- Chinese shares fell into a bear market as the Shanghai Composite index dropped by 20% from the high it hit on Dec. 22, 2015, the Wall Street Journal writes. The index was down 3.6% on Friday; some analysts blamed a state-run media outlet's report that some Chinese banks were no longer accepting stocks as collateral for loans for the selloff.
- Anglo-Australian miner BHP Billiton (BHP) revealed a $7.2 billion write-down of its U.S. shale oil assets because of the impact of the fall in oil prices. The value of the group's onshore U.S. assets now stands at $16 billion, the Financial Times reports.
- Chinese group Haier is buying the appliances division of Dividend Stock Advisor portfolio holding General Electric (GE) in a bid to expand overseas, the Wall Street Journal reports. The deal is worth $5.4 billion and the two companies will also cooperate globally to expand business in health care, advanced manufacturing and the industrial sectors.

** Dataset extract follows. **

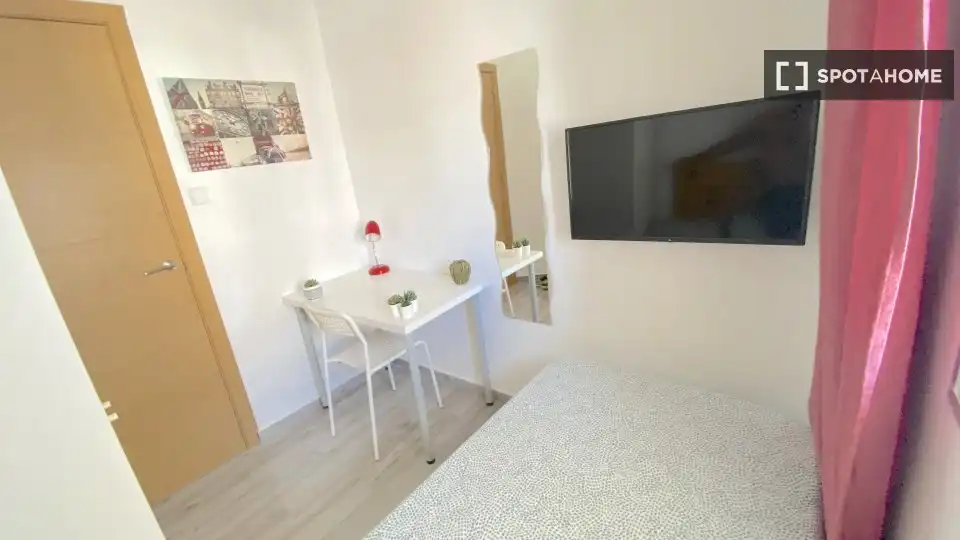 Bedroom of Flat for rent in Sevilla  with Air Conditioner, Heating and Furnished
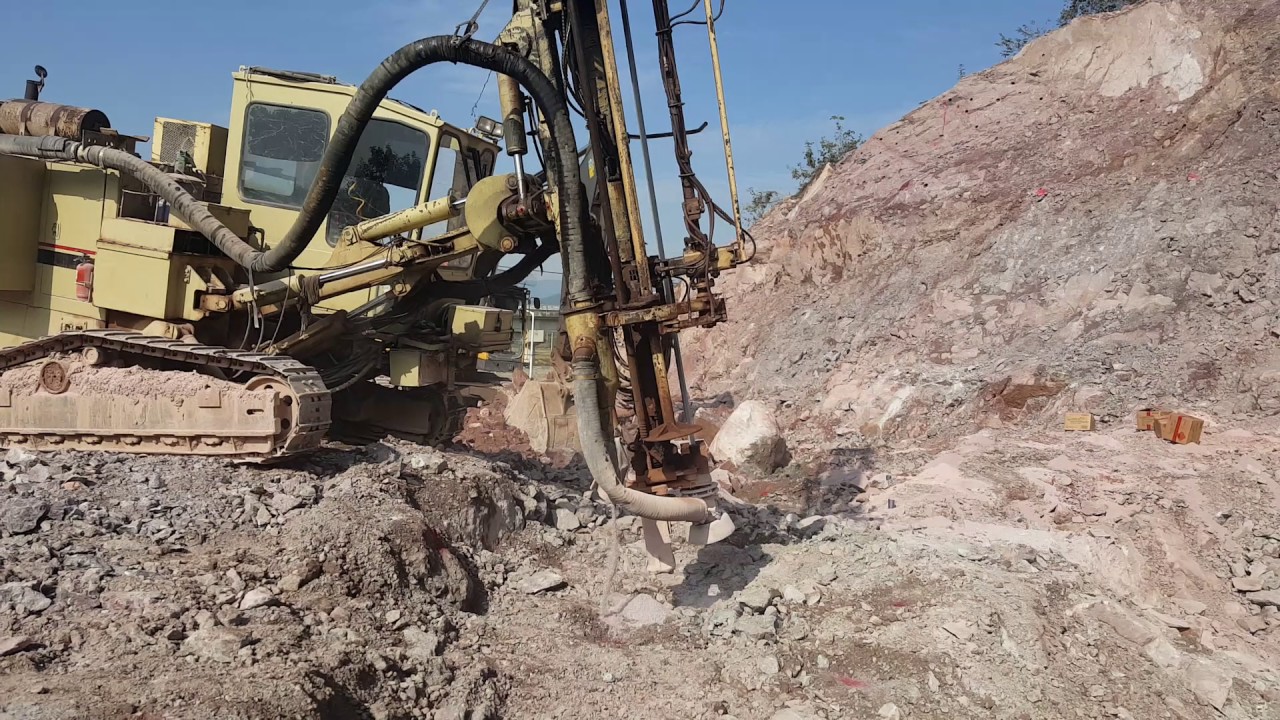 [ Winwin Used Machinery ] Used crawler drill Ingersoll rand CM470 2004yr For sale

- New car sales jumped by 16.6% in December in the European Union, the strongest monthly increase in 2015, data released Friday show. The strong performance lifted full-year new car sales by 9.3% to 13.7 million. Spain and Italy both posted double-digit increases in registrations, while France, Germany and the U.K. also showed increases.
- French retailer Carrefour (CRRFY) said its performance picked up in key European markets, including France and Italy, while revenue declined in Latin America and China. The retailer's sales for the three months ended Dec. 30 declined by 0.8% to 22.43 billion euros ($20.6 billion) from the same period in the previous year, in line with expectations.